「自分の感受性くらい」 茨木のり子

学生の頃、この詩集の表題作「自分の感受性くらい」を読んでボロボロと涙をこぼしたことがあります。


まるで自分のことを見透かされたような、自分の中のずるい部分を言い当てられたような、そんな気持ちになり、戒められました。そして、その体験は僕にとって幸福なものだったと思っています。


この作品が孕んでいるある種の「厳しさ」は、「優しさ」に裏打ちされている気がしてなりません。

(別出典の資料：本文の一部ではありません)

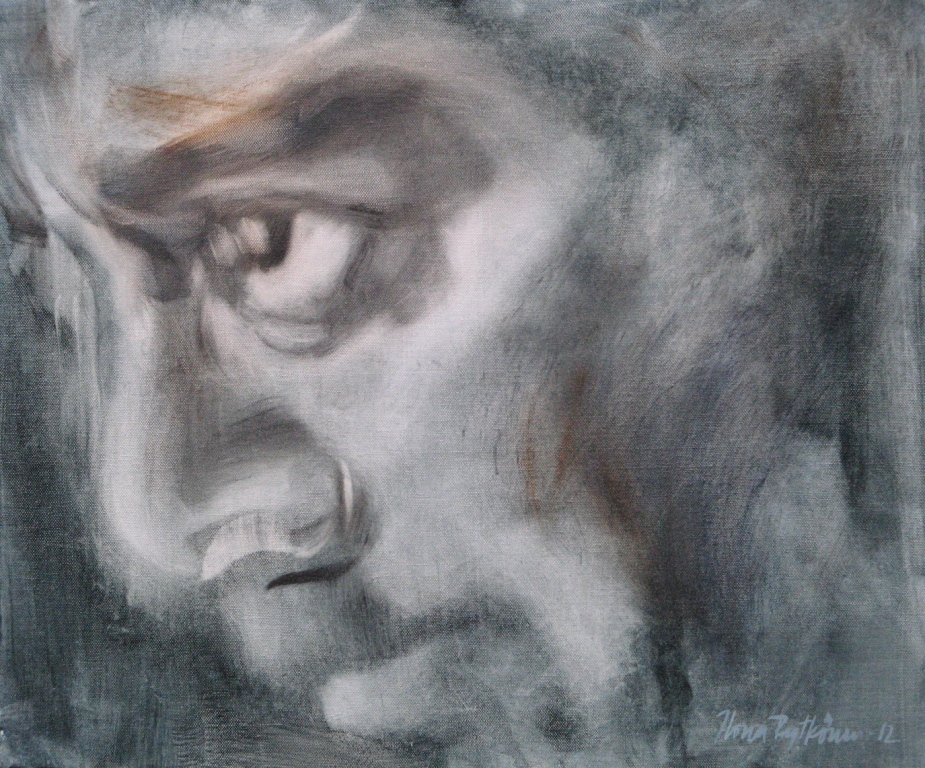 Mikä mies 2, öljyväri kankaalle, 2012, 50x60x4cm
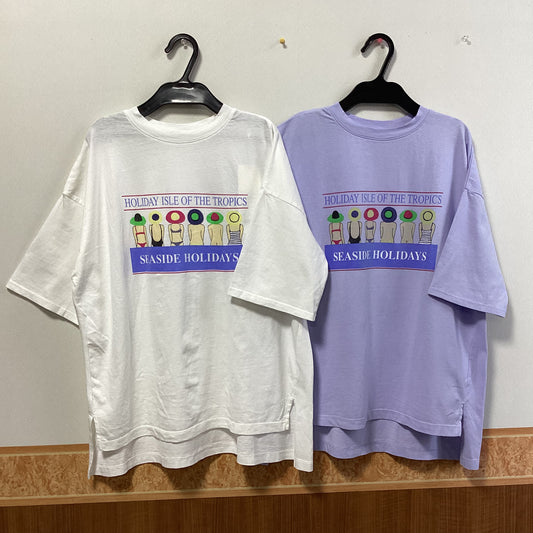 JOHNBULL 五分袖プリントTシャツ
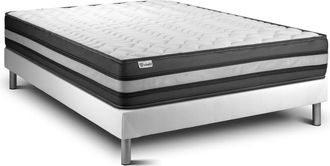 VITALIT Somier blanco + colch&oacute;n con espuma viscoel&aacute;stica 135 x 190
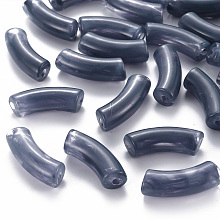 Honeyhandy Acrylic Beads, Imitation Gemstone, Curved Tube, Dark Slate Blue, 36x13.5x11.5mm, Hole: 4mm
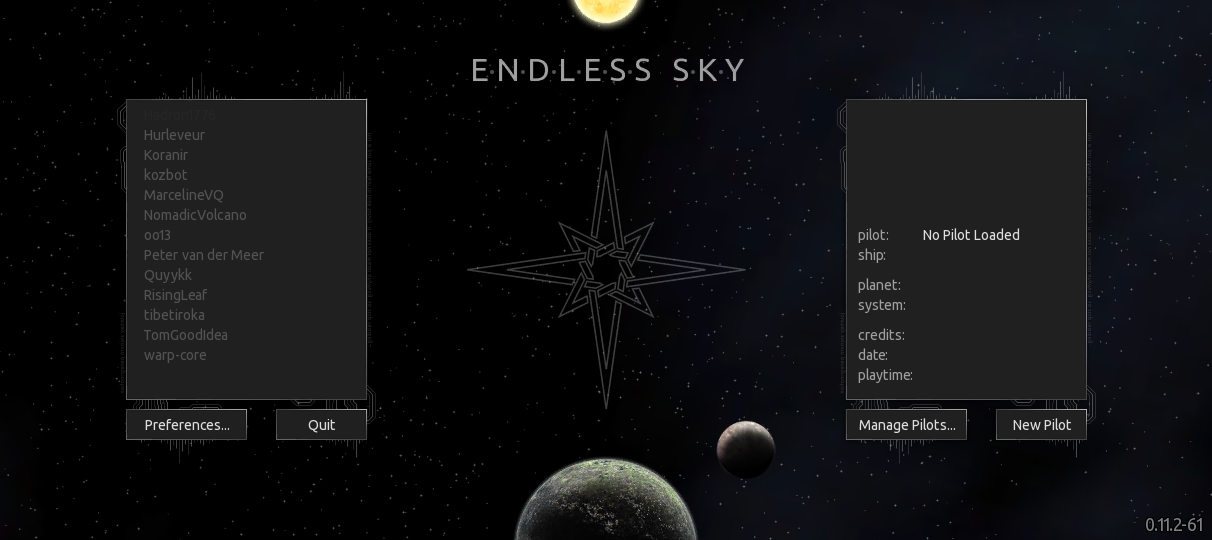 Endless Sky Android main menu showing version, credits, player information, and buttons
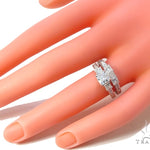 Three Stone Princess Engagement Ring Set 35150 - Image 10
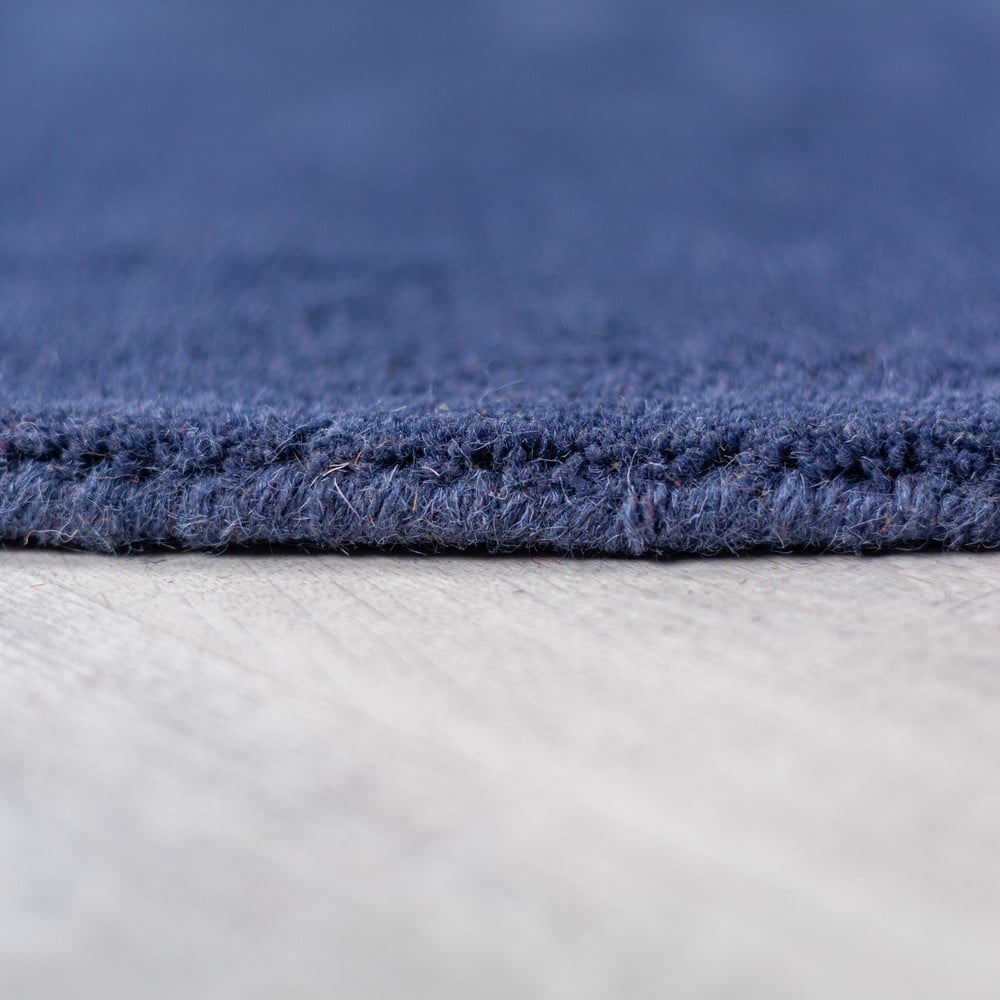 Niebieski wełniany okrągły dywan tkany ręcznie ø 200 cm Mia Segment – Flair Rugs (zdjęcie 7)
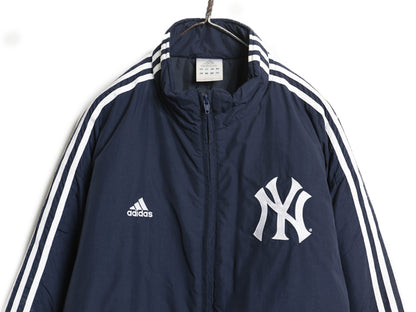 00s ヤンキース アディダス 中綿 ナイロン ジャケット メンズ XL オールド MLB オフィシャル フルジップ スタジャン 3ライン 大きいサイズ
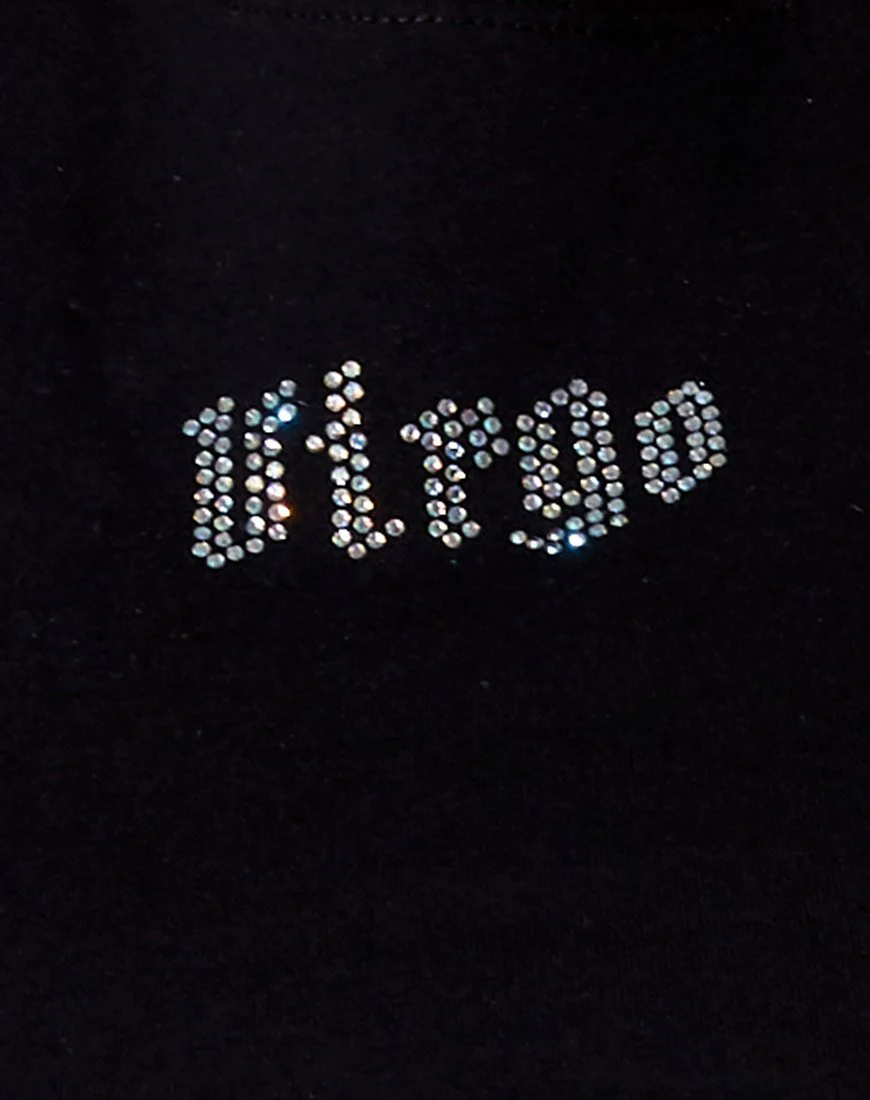 Tiney Crop Tee in Schwarz 'Virgo' Diamante - Image 5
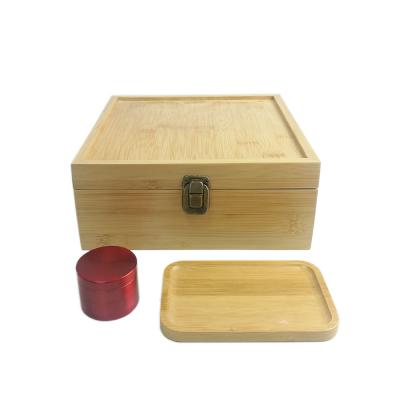 China Save Space Modern Storage Box Set Wooden Stash Combo Box Kit Bamboo Weed Box With Lock Roll Tray for sale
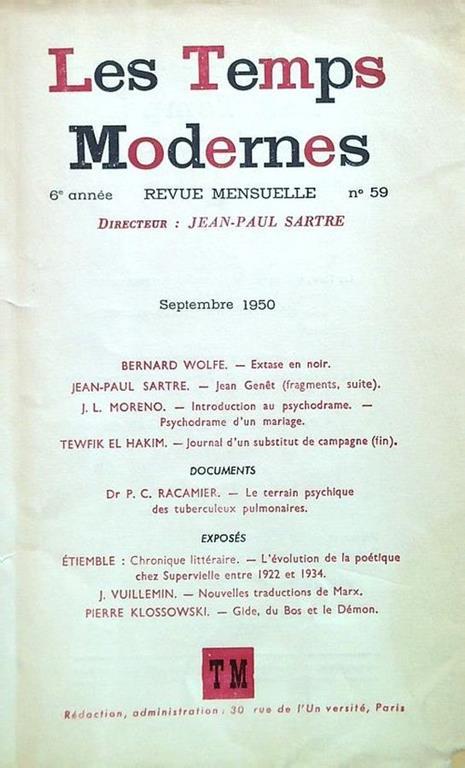 Les Temps Modernes - n. 59/Septembre 1950 - copertina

こういうことを言ってくれる人こそが、真に優しい人なのではないかと。


今でも気持ちが弱くなるとこの詩を読み返します。(因みに僕はこの詩の影響で、様々な作品に触れて感動したり、様々な出来事に感じ入ったりすることを「水やり」と呼んでいます)


そんなわけで、この詩は僕の中で最も馴染みの深い作品のひとつです。茨木のり子さんは、79歳で亡くなられましたが、人間の本質を見事に描いたこの作品は、この先百年、いや千年も枯れることなく読み継がれていくのではないでしょうか。


もちろん、この詩集の他の詩篇も大好きです。女性独特のしなやかさがあると同時に、ときにドキッとさせられる鋭さも秘めているのが、茨木さんの詩の魅力ではないかと個人的には思います。


それと20編でまとめ上げられたこの詩集は、文字のサイズ・行間・空白などが、紙面においてなかなか贅沢に使われていて、そこがまたいいんですよね。こういう詩集を作って、長く人々に愛されたらさぞかし詩人冥利に尽きるだろうなと。


一言でいうと、僕にとって「憧れの詩集」です。